Textual History: Revision
DGR's thoughts about revising the poem can be seen in his letter to WMR of 31 August 1869, where he discusses the Penkill Proofs text, the first appearance of the work in print (see Fredeman, Correspondence 69. 144 ).
Printing History
First printed as part of the pre-publication process for the 1870 Poems, in the Penkill Proofs, August 1869. Those proofs have no special organization of the poetic units. At the next proof stage, the so-called A Proofs (Sept. 1869), this poem is placed in a loosely organized section under the heading Sonnets and Songs, Towards a Work to be Called The House of Life, which would in the end be the title he gave to “The House of Life” when he published his 1870 Poems. DGR experimented with the order of this section until, in the final proof stage (realized at the beginning of March, 1870) this poem and ten others were grouped as The House of Life's integral section of Songs. In the 1881 Poems. A New Edition, this section is detached from The House of Life and placed under the heading Lyrics, and two other poems are added to the group.
Literary
The song recalls the song that the Spirits of the Air sing to Asia (“Life of Life”) when she appears in the form of Venus rising from the sea in Prometheus Unbound (Act II scene 5). Both songs represent a vision of Love as the total integration of spiritual and physical phenomena.

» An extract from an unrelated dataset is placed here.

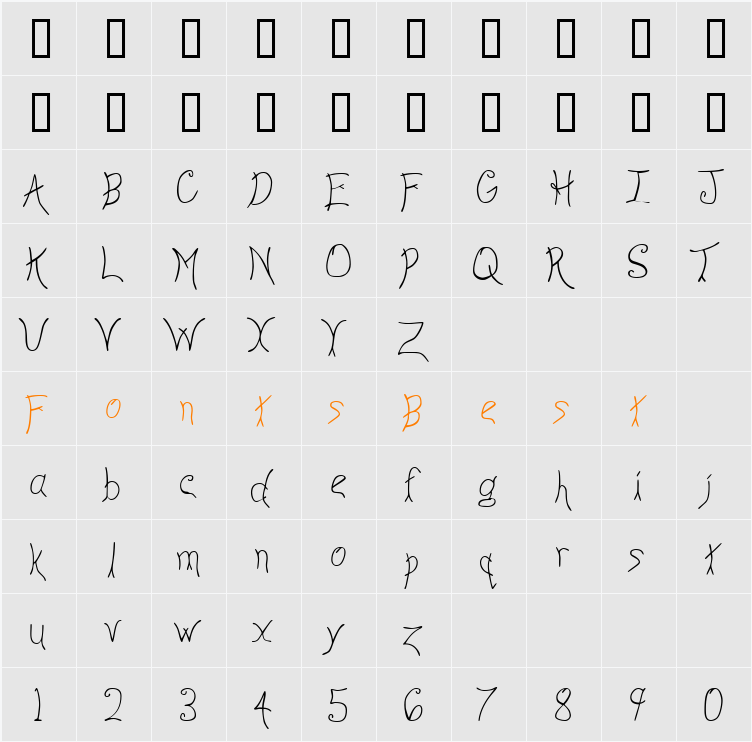 Anyway Light Character Map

The poem's title and theme of mystic love also recalls E. T. A. Hoffmann's story “Der Goldene Topf”, which centers in the gnostic figure of the Fire-Lily and the love of the student Anselmus for the mystic snake maiden.
Finally, one notes the general stylistic allusion to medieval troubador and stil novisti songs of the kind that recur throughout DGR's collection of The Early Italian Poets.